Your objective — If a line of the material holds the string "Heart", please copy it.

* * * * *

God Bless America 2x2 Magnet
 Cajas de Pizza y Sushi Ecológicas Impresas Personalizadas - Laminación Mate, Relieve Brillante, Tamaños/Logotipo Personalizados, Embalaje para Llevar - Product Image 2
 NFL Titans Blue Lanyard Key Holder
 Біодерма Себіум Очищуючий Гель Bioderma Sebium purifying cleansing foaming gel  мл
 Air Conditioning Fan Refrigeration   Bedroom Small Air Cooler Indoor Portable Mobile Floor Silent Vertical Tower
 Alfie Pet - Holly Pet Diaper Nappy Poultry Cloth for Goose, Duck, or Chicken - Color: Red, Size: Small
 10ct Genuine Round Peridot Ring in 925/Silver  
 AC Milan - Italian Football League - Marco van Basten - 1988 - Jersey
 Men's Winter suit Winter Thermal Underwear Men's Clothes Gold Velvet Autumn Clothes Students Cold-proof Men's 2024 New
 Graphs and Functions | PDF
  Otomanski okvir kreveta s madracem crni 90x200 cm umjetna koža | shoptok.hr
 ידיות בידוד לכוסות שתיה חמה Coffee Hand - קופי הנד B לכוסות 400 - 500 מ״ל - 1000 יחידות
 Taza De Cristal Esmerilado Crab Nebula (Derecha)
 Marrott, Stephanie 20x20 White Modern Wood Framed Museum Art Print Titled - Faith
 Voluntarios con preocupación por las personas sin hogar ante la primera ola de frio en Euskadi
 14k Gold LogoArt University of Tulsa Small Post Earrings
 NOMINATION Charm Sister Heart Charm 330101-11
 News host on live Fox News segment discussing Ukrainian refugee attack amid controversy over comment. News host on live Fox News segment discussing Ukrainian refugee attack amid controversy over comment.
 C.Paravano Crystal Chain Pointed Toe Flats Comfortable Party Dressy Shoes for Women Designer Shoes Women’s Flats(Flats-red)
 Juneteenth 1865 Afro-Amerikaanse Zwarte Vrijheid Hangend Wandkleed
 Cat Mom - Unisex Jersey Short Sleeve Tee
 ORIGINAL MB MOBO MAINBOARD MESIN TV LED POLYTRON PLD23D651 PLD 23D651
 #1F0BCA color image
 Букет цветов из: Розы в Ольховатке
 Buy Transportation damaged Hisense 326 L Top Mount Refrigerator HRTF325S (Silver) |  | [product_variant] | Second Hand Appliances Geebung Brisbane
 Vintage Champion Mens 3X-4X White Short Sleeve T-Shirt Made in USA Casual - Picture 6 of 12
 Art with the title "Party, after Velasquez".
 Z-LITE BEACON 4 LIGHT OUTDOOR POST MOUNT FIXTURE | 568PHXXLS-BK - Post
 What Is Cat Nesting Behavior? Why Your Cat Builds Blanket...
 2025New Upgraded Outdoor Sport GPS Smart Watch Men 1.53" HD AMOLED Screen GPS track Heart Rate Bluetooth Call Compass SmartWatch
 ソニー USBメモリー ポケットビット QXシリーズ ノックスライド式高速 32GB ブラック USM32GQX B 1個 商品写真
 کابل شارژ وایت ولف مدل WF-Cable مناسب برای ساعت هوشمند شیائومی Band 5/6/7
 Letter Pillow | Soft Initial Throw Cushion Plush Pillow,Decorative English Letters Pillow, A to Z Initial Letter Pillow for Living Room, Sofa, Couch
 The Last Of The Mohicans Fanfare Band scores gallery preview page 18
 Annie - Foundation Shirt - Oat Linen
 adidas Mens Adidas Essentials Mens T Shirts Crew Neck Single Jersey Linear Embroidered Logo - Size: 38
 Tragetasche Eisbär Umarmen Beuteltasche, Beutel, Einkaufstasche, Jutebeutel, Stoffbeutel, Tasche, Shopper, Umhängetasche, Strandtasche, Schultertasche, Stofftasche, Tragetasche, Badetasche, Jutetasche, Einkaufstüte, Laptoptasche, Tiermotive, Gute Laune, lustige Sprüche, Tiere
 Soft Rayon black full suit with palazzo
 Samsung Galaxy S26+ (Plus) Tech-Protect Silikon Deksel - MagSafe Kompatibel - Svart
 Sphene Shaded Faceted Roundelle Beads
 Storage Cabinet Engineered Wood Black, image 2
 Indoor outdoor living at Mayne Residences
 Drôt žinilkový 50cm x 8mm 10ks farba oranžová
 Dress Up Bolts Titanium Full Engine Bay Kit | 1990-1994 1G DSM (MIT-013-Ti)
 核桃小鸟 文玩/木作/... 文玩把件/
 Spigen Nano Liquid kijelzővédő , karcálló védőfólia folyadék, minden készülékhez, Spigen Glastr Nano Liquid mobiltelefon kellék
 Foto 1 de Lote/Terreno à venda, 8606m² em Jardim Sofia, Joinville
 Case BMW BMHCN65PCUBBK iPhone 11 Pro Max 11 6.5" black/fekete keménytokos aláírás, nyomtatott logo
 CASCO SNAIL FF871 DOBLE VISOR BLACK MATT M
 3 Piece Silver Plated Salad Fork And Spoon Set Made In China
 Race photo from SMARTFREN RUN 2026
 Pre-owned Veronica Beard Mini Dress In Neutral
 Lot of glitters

* * * * *

Answer to this problem —
 NOMINATION Charm Sister Heart Charm 330101-11
 2025New Upgraded Outdoor Sport GPS Smart Watch Men 1.53" HD AMOLED Screen GPS track Heart Rate Bluetooth Call Compass SmartWatch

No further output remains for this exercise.